Good report LOAH. In all the times I have fished Strawberry I have yet to catch a rainbow. Always slot limit cutts :evil: but fun nontheless. I dont suppose you drove over to where mud creek is? Any ice in any bays you saw? You will become one of us (ice hole), its only a matter of time! Muahaha!


----------



## waltny (Sep 8, 2007)

Great report, Ive got to get out and do some fishing its been a while...

Anyhow as a avid photographer I have to comment on your last pic. Im sure you didnt agonize forever trying to compose and go through all the steps and have the rules in mind(maybe you did, who am I to say...) when you shot it but Id like to say its very good. The leading edge of the ice on the bank, shallow depth of field, the fact you caught that skeeter on the water and the 'berry smooth as freshly zambonied ice.... Job well done


----------



## JAT83 (Sep 9, 2007)

Nice work, Thanks for the report!


----------



## LOAH (Sep 29, 2007)

waltny said:


> Anyhow as a avid photographer I have to comment on your last pic. Im sure you didnt agonize forever trying to compose and go through all the steps and have the rules in mind(maybe you did, who am I to say...) when you shot it but Id like to say its very good. The leading edge of the ice on the bank, shallow depth of field, the fact you caught that skeeter on the water and the 'berry smooth as freshly zambonied ice.... Job well done


I knew you'd like that one. :wink:

While I was there, I took a lot of ice photos and kept coming back to that rock where the last pic was taken. I really liked the way the ice had formed and how it looked, as a whole. I took a few shots from many different angles and then I decided that a macro next to the water was needed.

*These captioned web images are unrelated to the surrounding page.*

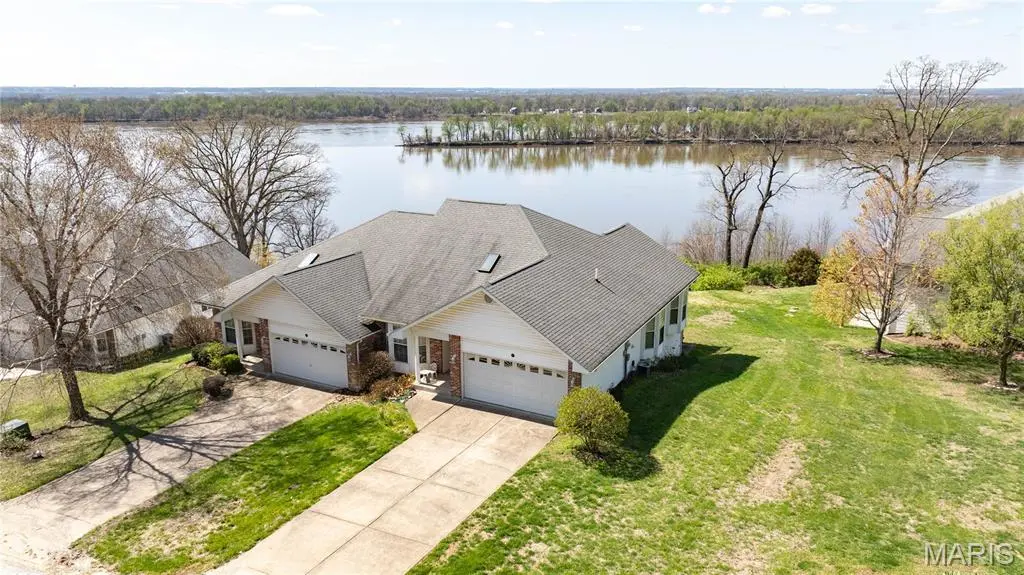 48 Quarry Riverfront Rd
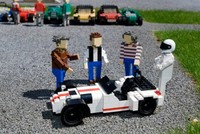 Une Caterham R500 en Lego avec un Stig, un Clarkson, un Hammond et un May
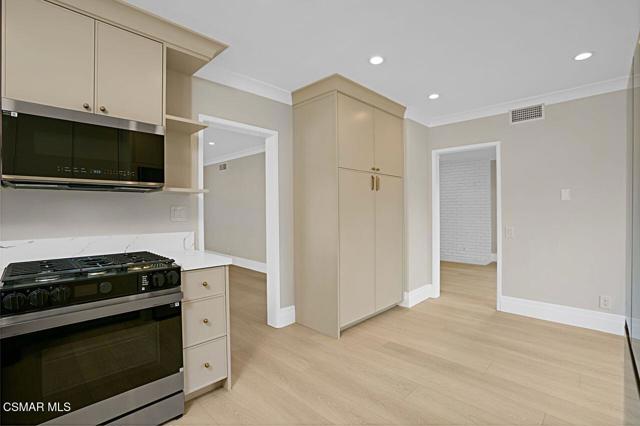 18_11946767_184500_184500-EM-118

I kind of crossed my fingers hoping the shots would turn out alright. I have a hard time really seeing the pics on the LCD screen (that's all scuffed up  ), so I didn't even look at them until I got home.

I probably took about 15 ice shots and only used 4. The other shots merely looked like pictures of ice...Not photography. I was really pleased to see that last one on my monitor. I wondered while taking that pic if the surface bugs would mess with the shot, but figured why not and snapped it.

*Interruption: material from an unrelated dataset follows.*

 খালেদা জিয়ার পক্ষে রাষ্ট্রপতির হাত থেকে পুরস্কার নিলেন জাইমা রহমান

So I guess I didn't really agonize over all the "rules" (that I don't know), but I did try several angles and that was the only one worth looking at.

Thanks for the compliment.


----------



## Riverrat77 (Sep 7, 2007)

hmmmm that is a lot of open water..... and I too wonder how the little bays looked with ice, but for a hunting interest. Its too cold for me to be busting out the fishing line to just sit there waiting for a fish..... I'd have to be river fishing with pockets stuffed with handwarmers. :lol: That being said... I guess sitting waiting on ducks isn't any smarter. I've had trouble with that Vanish crap too LOAH. I won't ever use it again, although I've heard some of the bass and walleye guys like it for finesse applications. Personally, its Stren Magnathin for me. 8)


----------



## LOAH (Sep 29, 2007)

The shallow bays were mostly iced in the early morning, but the breeze and sunlight moved those slabs or melted them by the afternoon.

Like I said, I heard shots all morning and saw duck boats. Someone's shaking tail feathers out there.


----------



## orvis1 (Sep 7, 2007)

LOAH, you are the definition of DIE HARD fisherman. I was going to go fishing on Saturday woke up saw the snow and back to bed it was for me. Football by a warm fire was the call of the day for me. The ice monster has taken over now and the ICE people are comming out to play.


----------